37.4  Monday, Jan. 5 08:45  Bilateral sensory inputs are not created equal: bilaterality in mechanosensory inputs is more important than olfactory for plume tracking hawkmoths, Manduca sexta SMITH, AE*; WILLIS, MA; Case Western Reserve University; Case Western Reserve University aes127@case.edu

Males of the hawkmoth species Manduca sexta are able to track plumes of female pheromone in flight using their olfactory systems, which receive input directly from sensory cells on their antennae. To do this they use two possible odorant comparison strategies: spatial and temporal.
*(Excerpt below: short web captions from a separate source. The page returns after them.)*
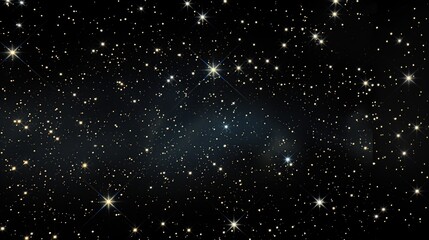 Wall Mural - starry night sky with dark blue background, twinkling stars shine on black canvas. glittering celest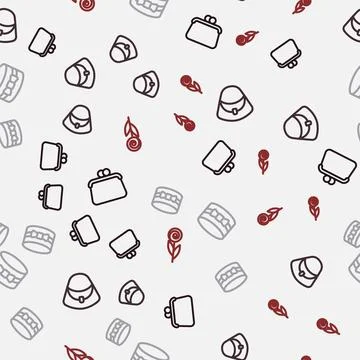 Set line Handbag, Gift box heart and Flower on seamless pattern. Vector Stock Illustration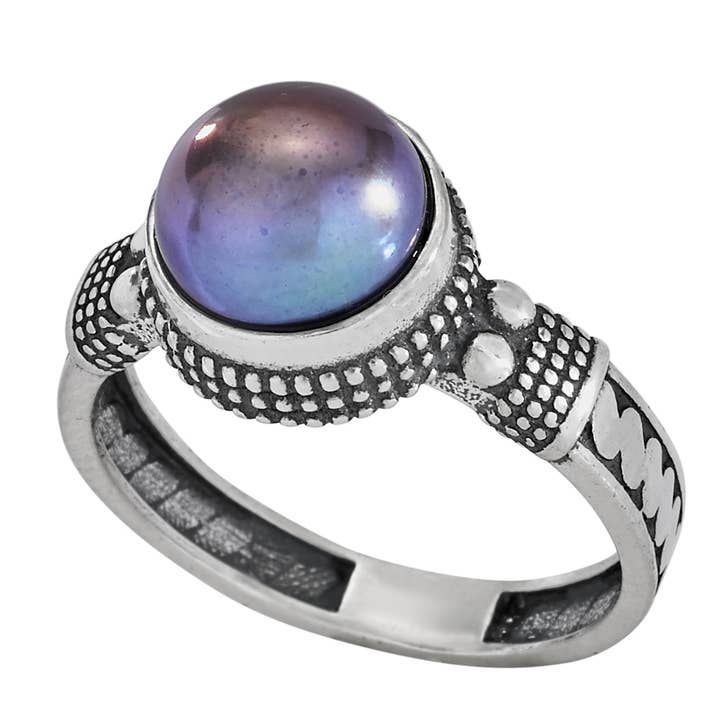 Bague en argent sterling et perle noire « Dans le mystique » pour la vente par Tiger Mountain Jewelry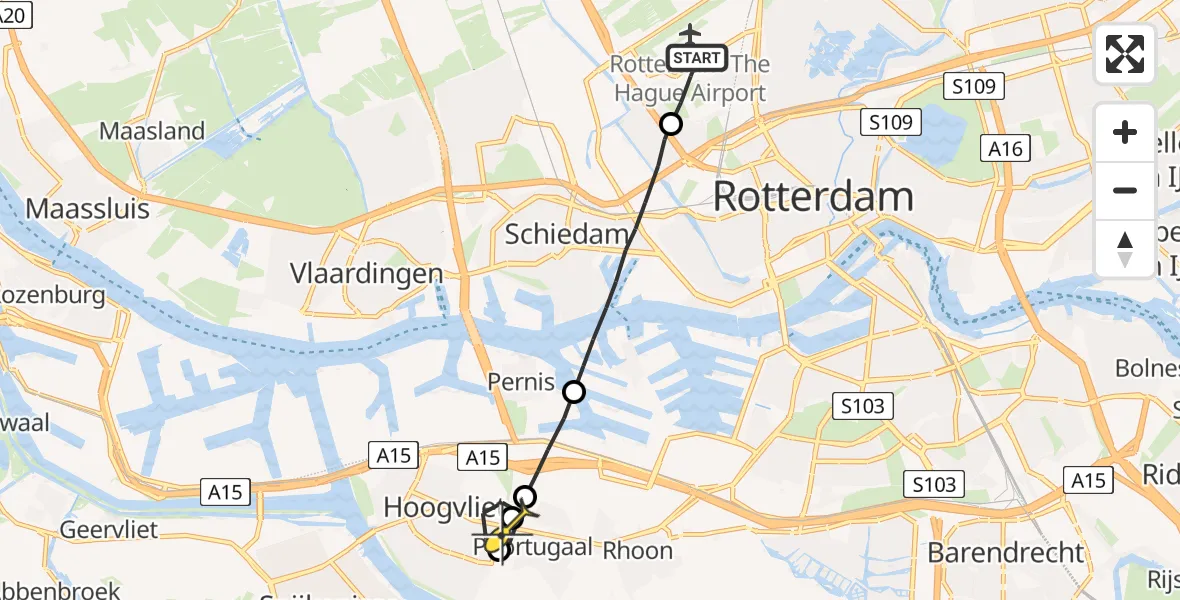 Routekaart van de vlucht: Lifeliner 2 naar Poortugaal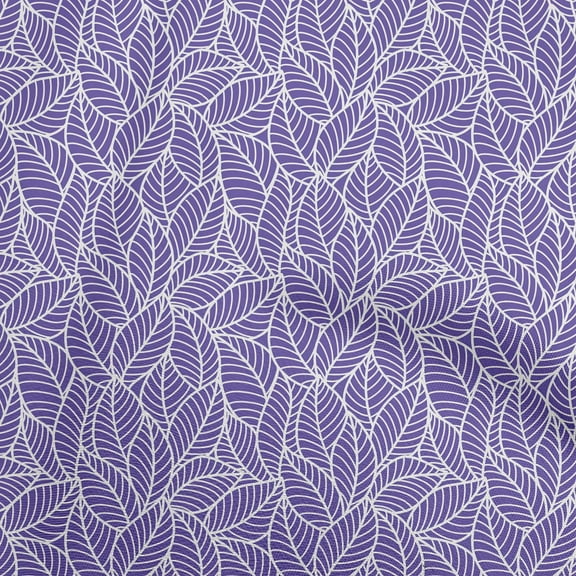 oneOone Georgette Viscose Violet Fabric Texture Leaf Sewing Material Print Fabric By The Yard 42 Inch Wide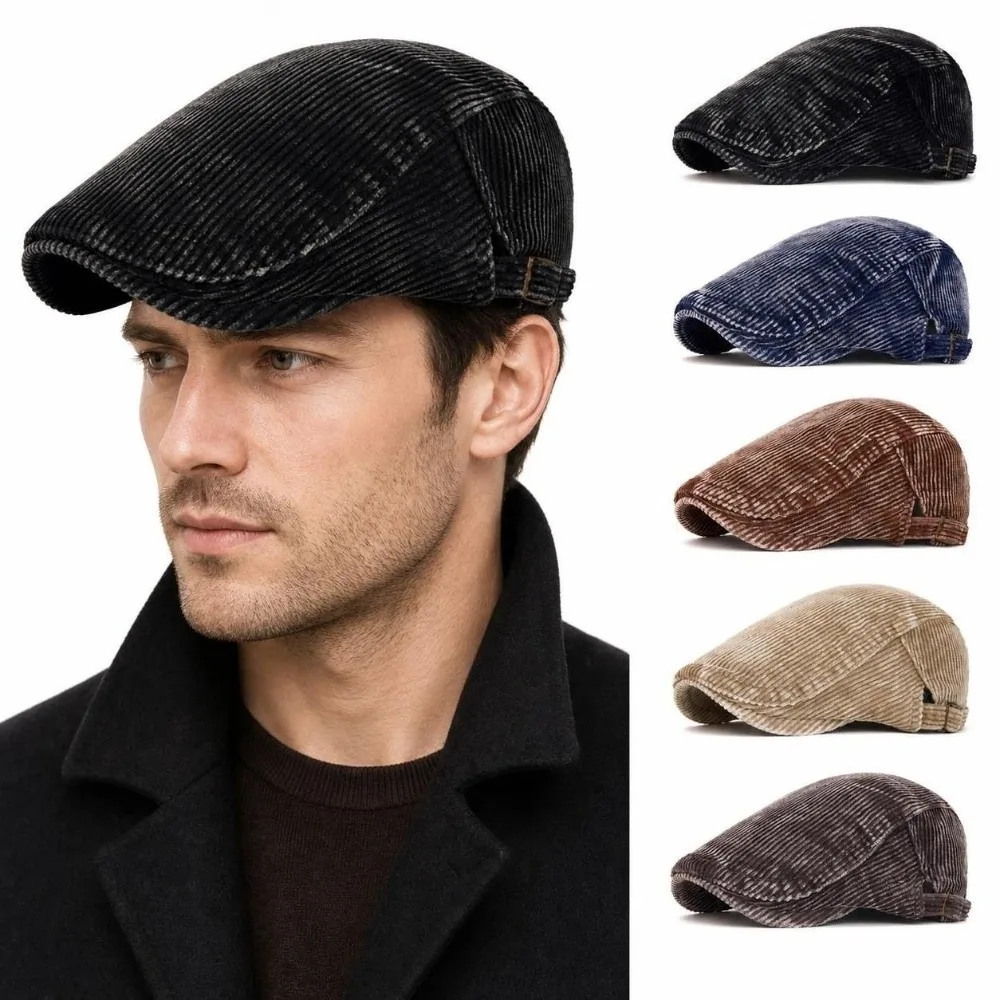 Retro British Style Corduroy Flat Cap Soft Lined Warm Gatsby Beret Cap Adjustable Windproof Driving Cap For Men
If using spatial comparison, unilateral removal of an antenna should greatly diminish their ability to locate an odor source. If using temporal, unilateral antennectomy should have less of an impact, as the moths could still compare odor cues over time using one antenna. To determine which of these underlies plume tracking behavior, we antennectomized moths in three ways: (1) surgical removal of an antenna from adult males prior to flight, (2) surgical removal of the imaginal discs responsible for development of the adult antenna during the last larval stage, (3) surgical restriction of growth of the odor-detecting sensory cells on the antennae in stage 1 pupae while preserving the mechanosensors at the antennal base. In the last treatment group, a donor antenna was attached to the stump on the base of the antenna effectively “re-loading” the large mechanoreceptors at the base prior to flight. Though 97% of control animals find the odor source, only 43% of type 1 antennectomies and 26% of type 2 are able to perform this behavior. With mechanosensation preserved, the type 3 antennectomies perform at a rate of 86%. These results show that, while two antennae are certainly ideal for tracking an odor source, for M. sexta one is sufficient. It also reveals the importance of bilateral antennal mechanosensory inputs for flight control. We thank Jen Milligan and Sean Copley for their assistance. AES and MAW were supported by NSF grant IOS-1121498.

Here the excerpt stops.